En revanche, le roman en lui-même, La Troisième griffe de Dieu, ravira à la fois les fans d’Andrea Cort et les novices qui ne la connaissent pas ou qui veulent s’essayer en douceur à la science-fiction. En effet, il ne s’agit ni plus ni moins que de la transposition d’un grand classique des récits policiers dans un univers futuriste où humains, IA et aliens se mêlent : le meurtre en huis clos cher à Agatha Christie ou Sir Arthur Conan Doyle. Tour à tour dans la peau d’Hercule Poirot ou de Sherlock Holmes, Andrea Cort, accompagnée des Porrinyard, va enquêter, coincée dans la cabine d’un ascenseur spatial, sur le meurtre d’un érudit alien, alors qu’elle-même avait juste avant l’embarquement été victime d’une tentative d’assassinat avec une arme similaire, un artefact religieux que l’on croyait disparu depuis des millénaires.

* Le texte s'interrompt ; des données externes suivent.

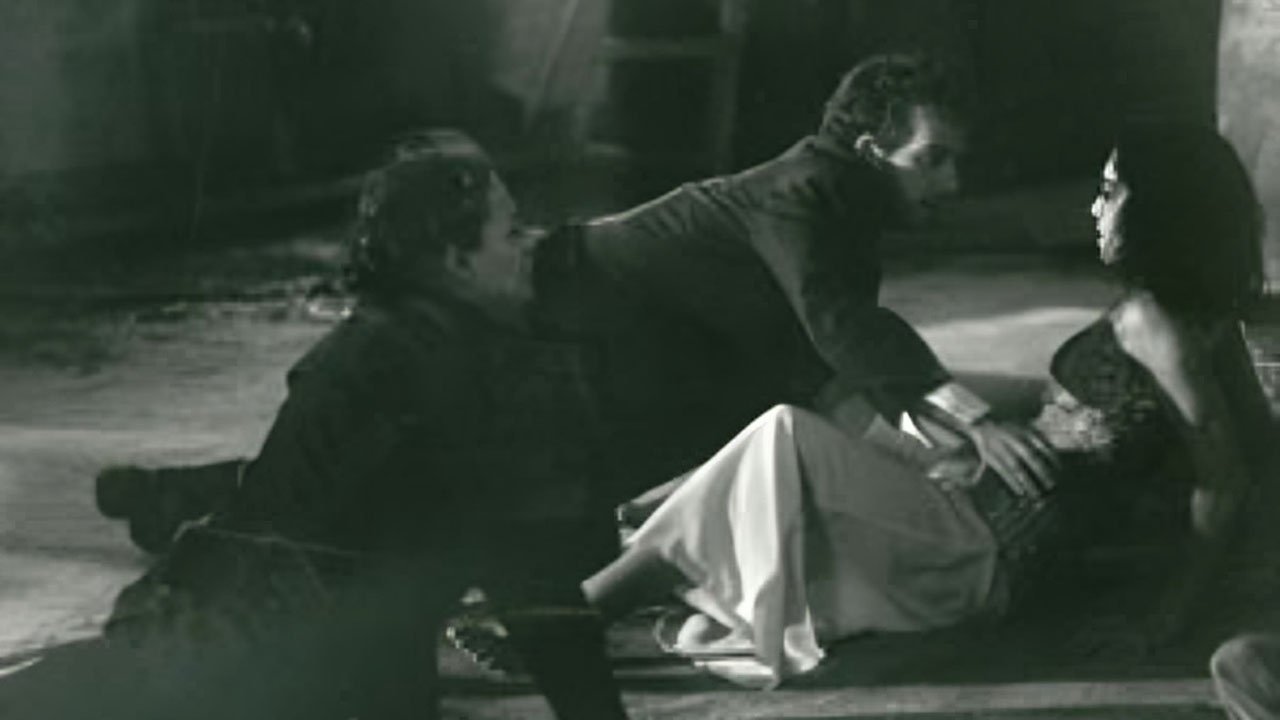 Ο βιασμός της Χλόης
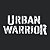 Camiseta Urban Warrior - Preta - Imagem 8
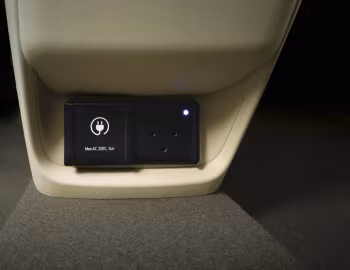 Intérieur Hyundai Inster [EU-spec] '2025–pr.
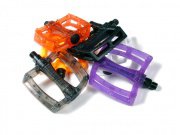 Colony "Fantastic Plastic" Pedals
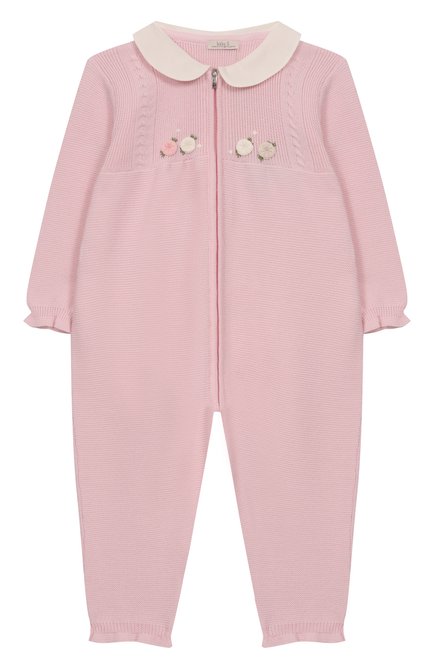 Шерстяной комбинезон BABY T, арт. 25AI111TZ/18M-36M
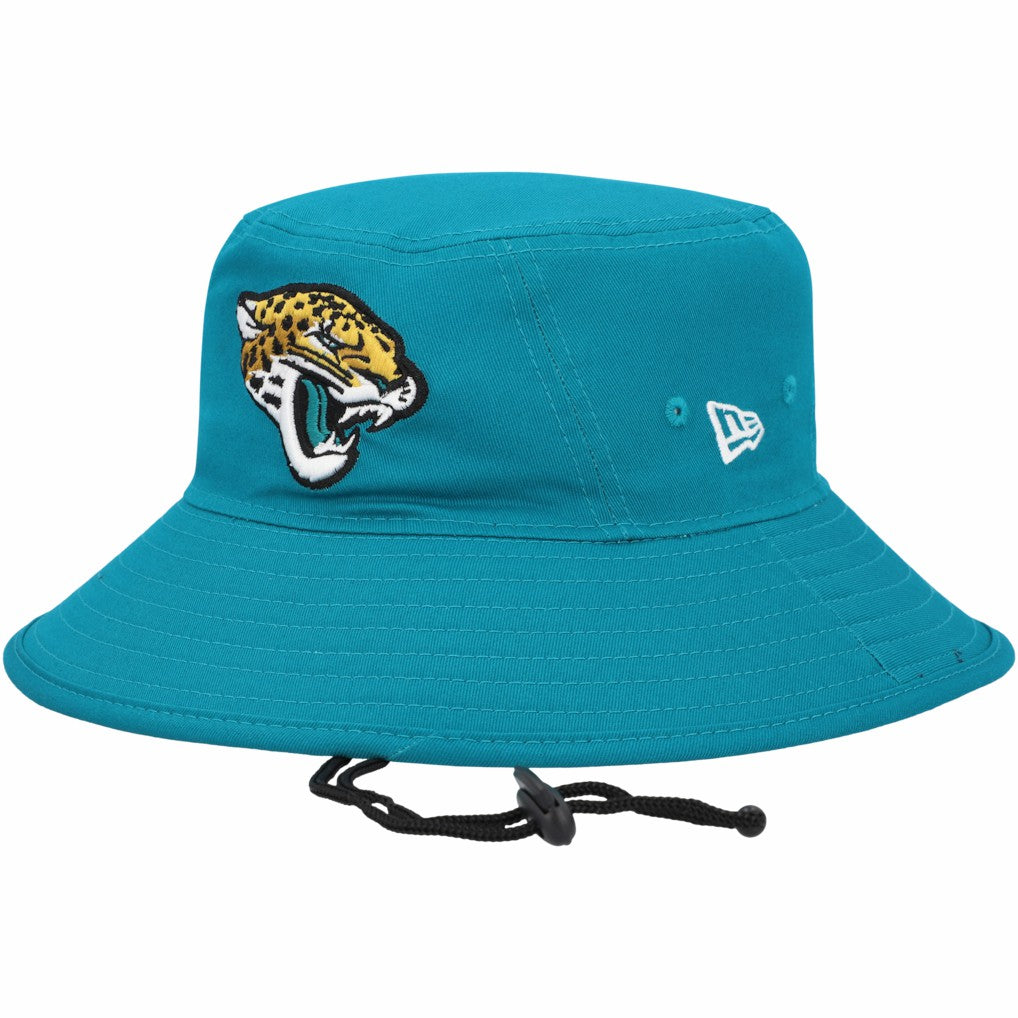 Jacksonville Jaguars Main Bucket Hat | NFL Sale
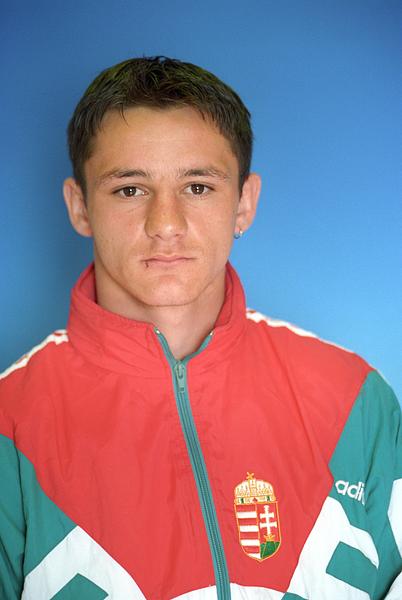 Nagy János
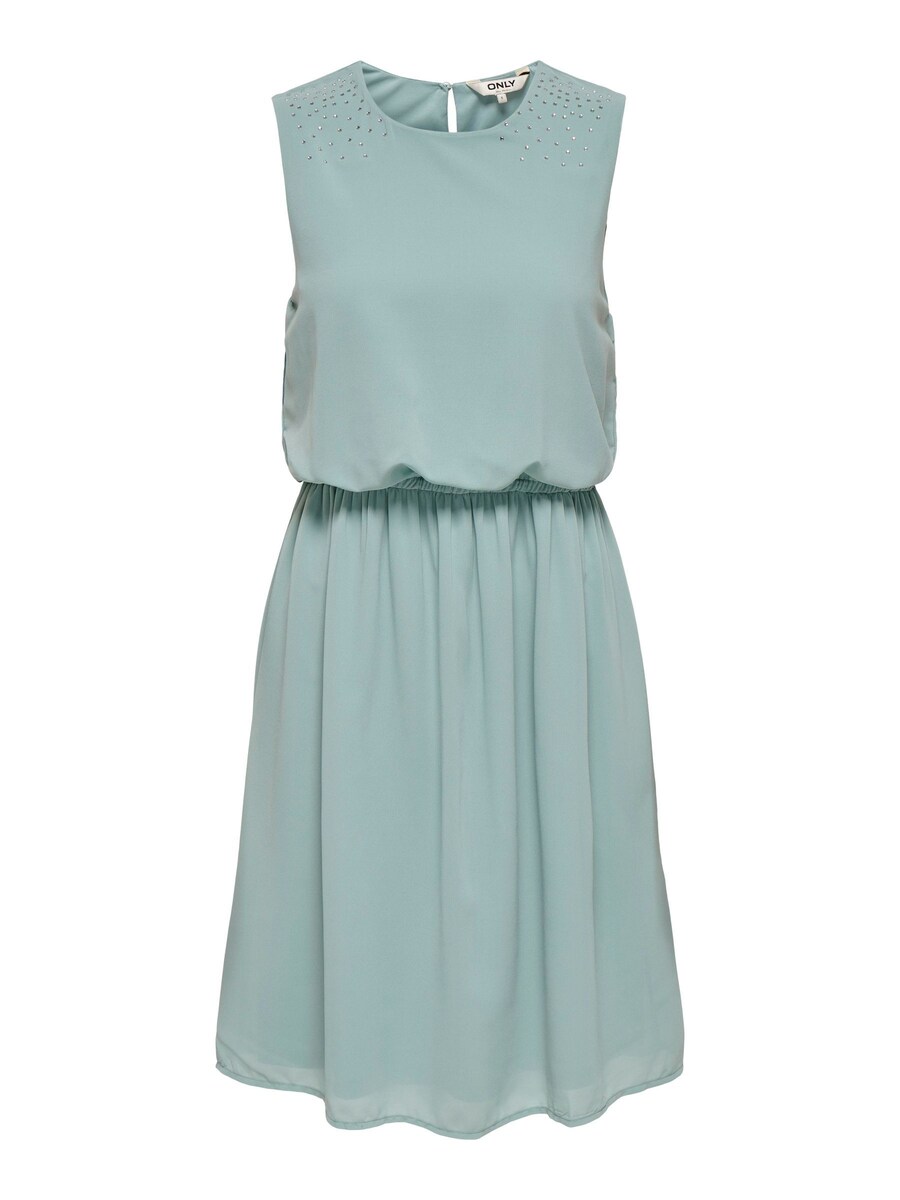 Коктейльное платье ONLY ONLStinna, Smoke blue
Коктейльное платье ONLY ONLStinna, Smoke blue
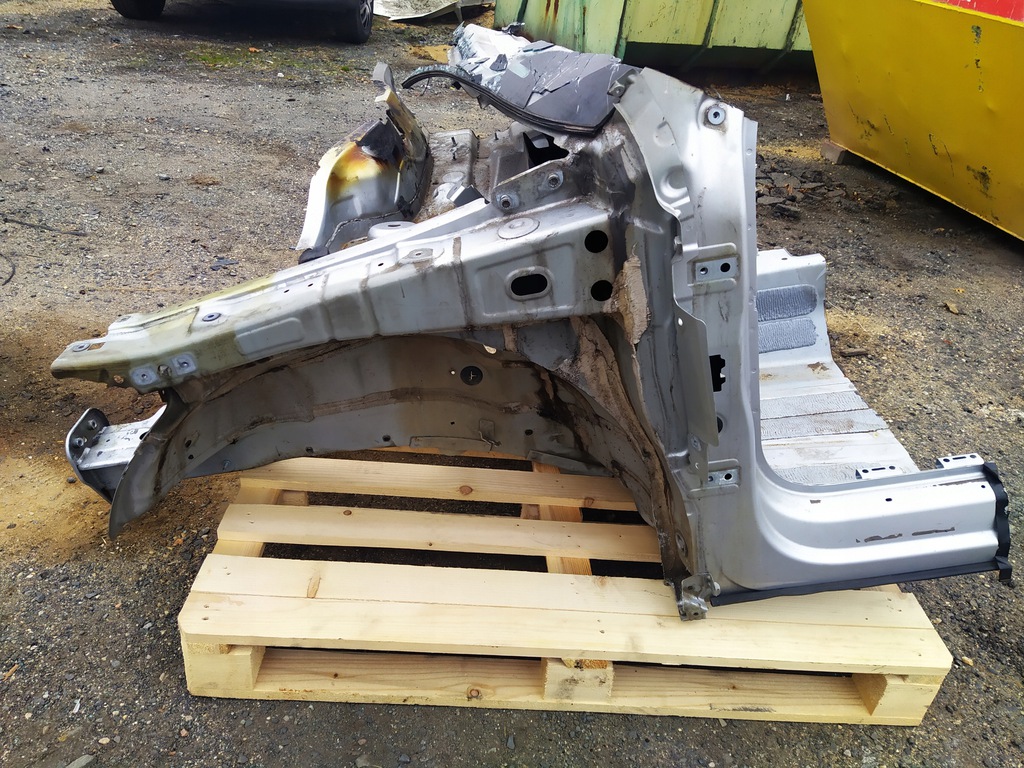 corte izq.  delantero izq.  parte delantera audi q3 8u 12 18 ($)
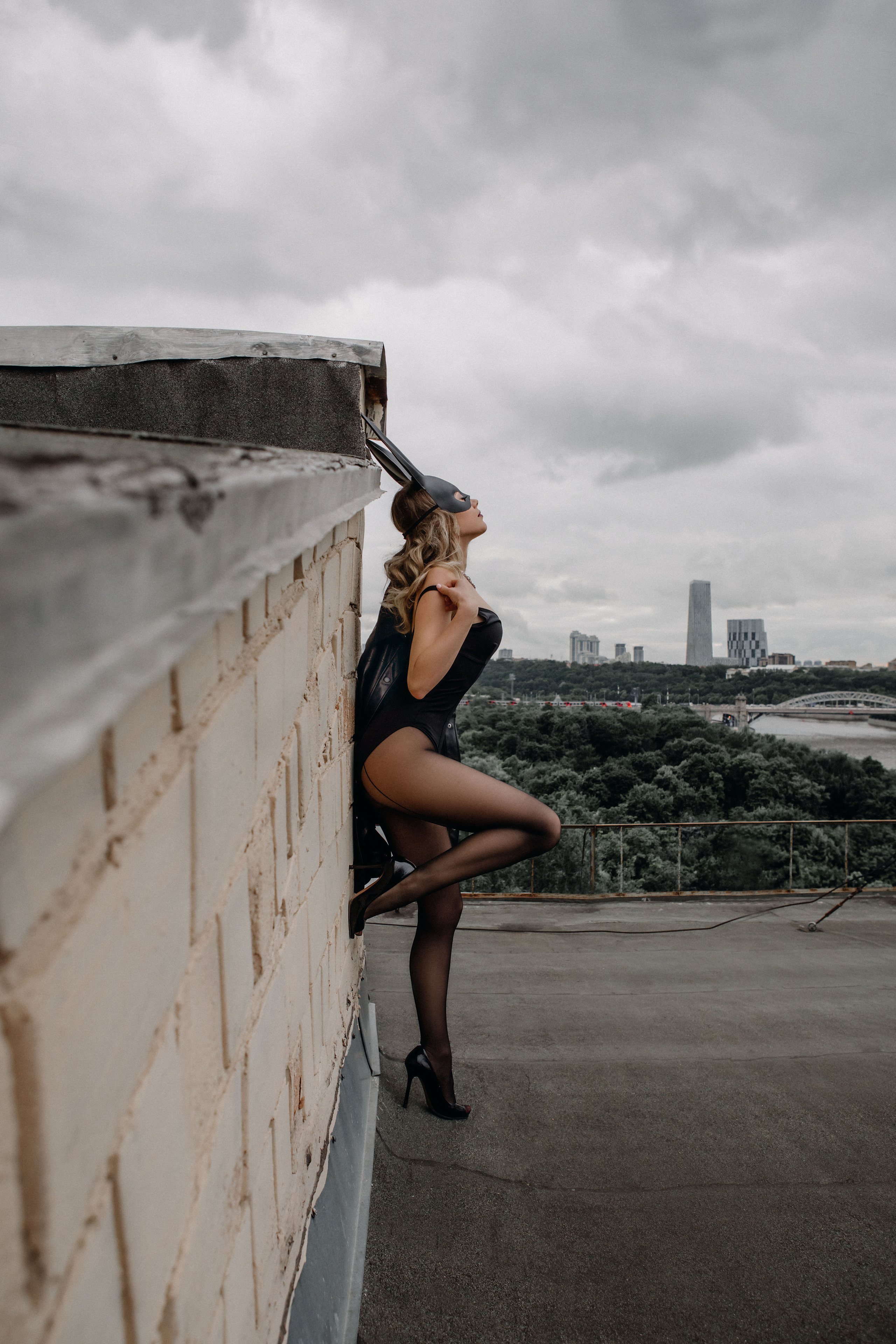 Карина. Фотограф в Москве Ольга Сатони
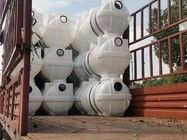 大量生産のための高プラスチックセプティックタンク模具 2.5kg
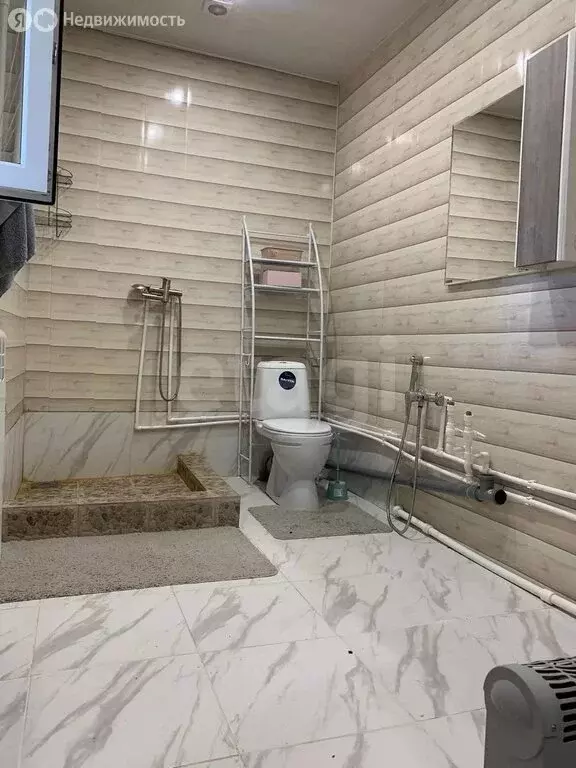 Дом в Курган, СНТ Госучреждений (70 м) - Фото 2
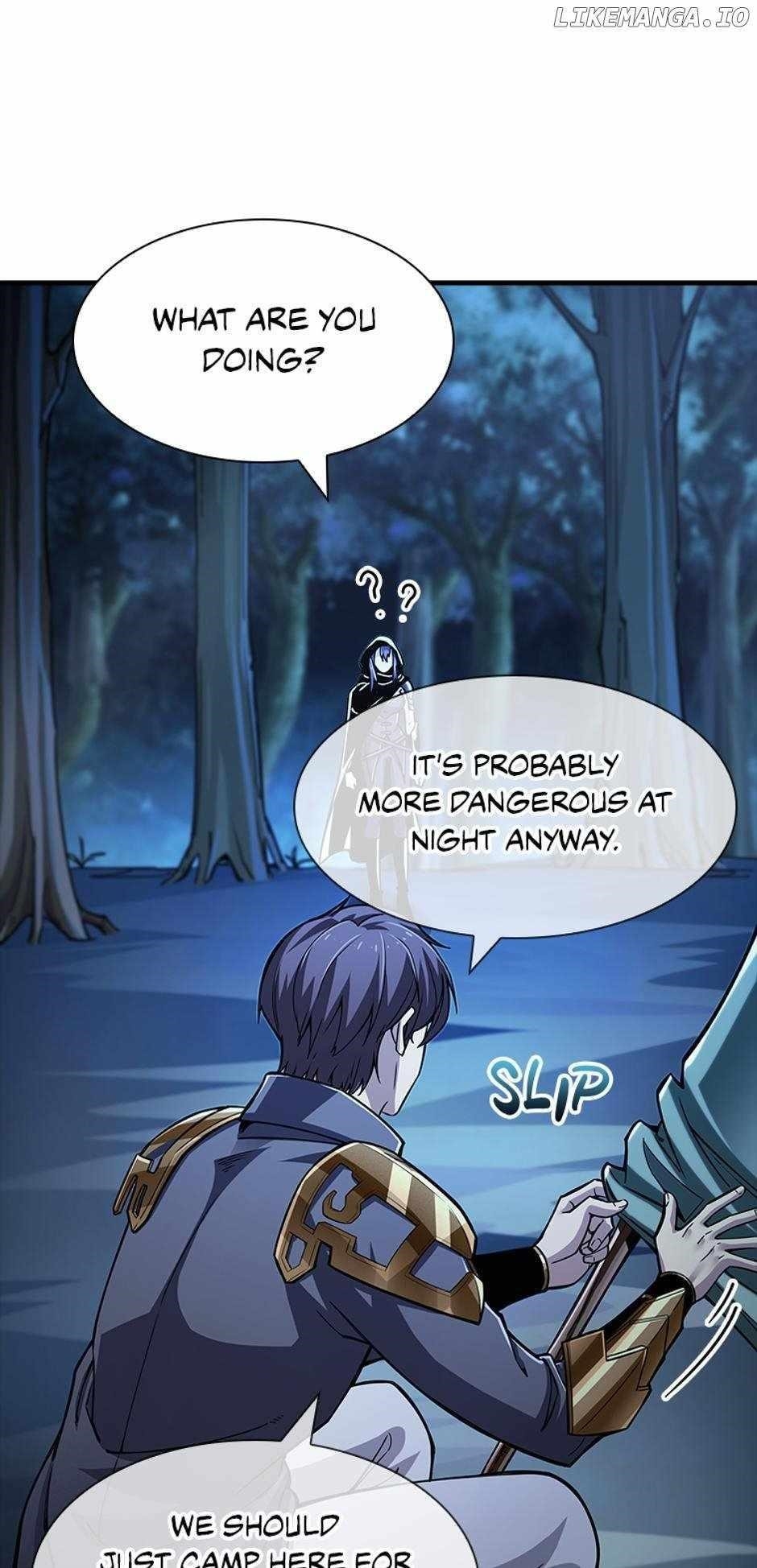 Back Then, I Didn’t Realize It Was A Big Win Chapter 19 - Page 59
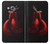 S1253 Boxing Glove Etui Coque Housse pour Samsung Galaxy J3 (2016)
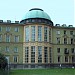 Handelshögskolan in Stockholm city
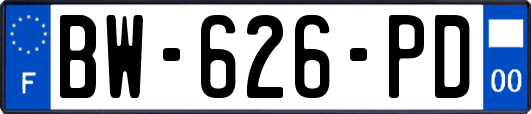 BW-626-PD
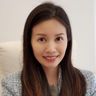 Photo of Rita Chiu, Investor at Argonautic Ventures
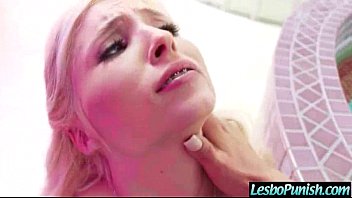 Preview 1 of Mom Selip Raped - Mean Lez Girl (phoenix&amp_piper) Pusnish Teen Lesbian Using Dildos mov-29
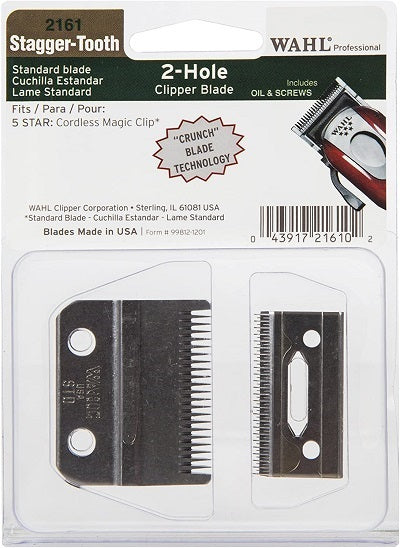 Wahl Magic Clipper Blade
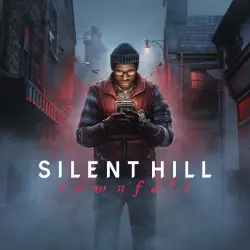 Silent Hill: Townfall (Key Global)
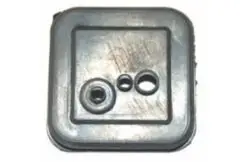 Dæksel over karburator - Yamaha FS1 - 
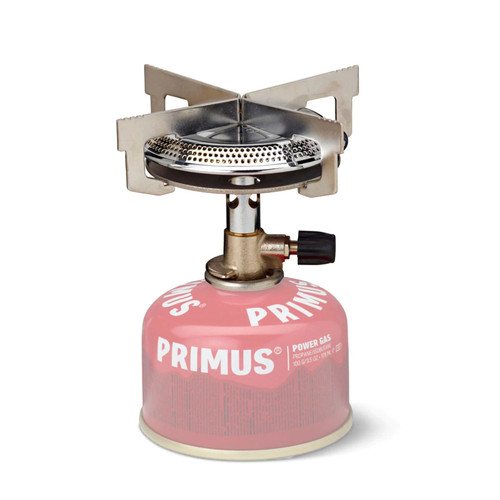 Primus mimer gas camping stove - primus,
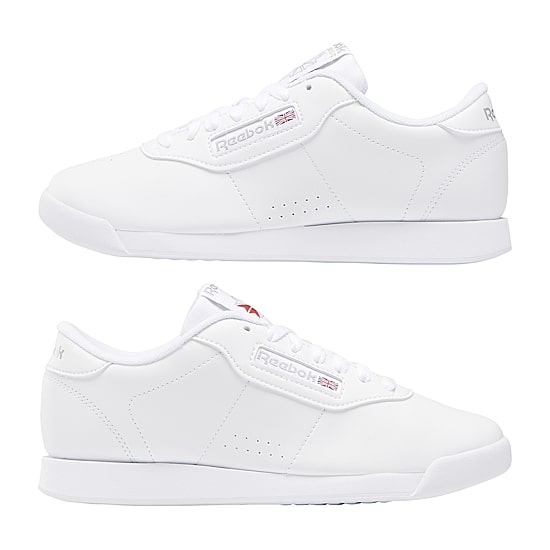 Reebok Princess Womens Walking Shoes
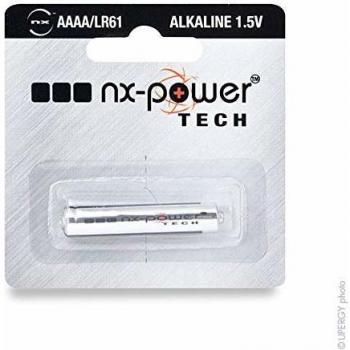 Pila Alcalina AAAA 1.5V LR8D425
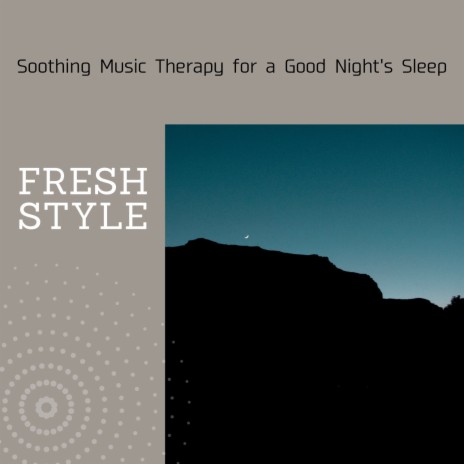 A Night of Restfulness | Boomplay Music
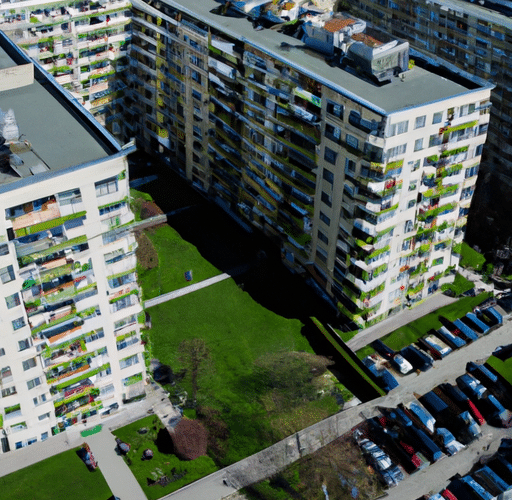 Czy warto kupić mieszkanie w Warszawie Targówku?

La forme de La Troisième griffe de Dieu est donc un récit extrêmement classique dans lequel le lecteur ou la lectrice se glisse très facilement. Il n’y a pas nécessité d’avoir lu le volume précédent : Adam-Troy Castro se fait un plaisir de rappeler les points essentiels à savoir sur Andrea Cort, les Porrinyard et l’univers dans lequel les personnages évoluent. Et même si les deux livres peuvent se dévorer indépendamment l’un de l’autre, nous en apprendrons plus dans celui-ci sur le passé d’Andrea et sur ses particularités. Dans le fond, Adam-Troy Castro continue de dérouler ses interrogations sur l’aliénation de l’individu au collectif à travers les différents personnages inseps, mais aussi par ce qu’une grande entité économique peut exiger de ses salariés (sans en dévoiler plus). Il déploie également ses questionnements sur la part de la nature et celle de l’éducation dans la construction d’un individu. Ici, Andrea Cort lui sert à nouveau de sujet d’étude préféré, mais également la famille richissime de marchands d’armes Bettelhine, dont différents membres sont enfermés dans l’ascenseur spatial et constituent donc des suspects potentiels. Le tout sans trop s’appesantir pour ne pas oublier son objectif premier : divertir.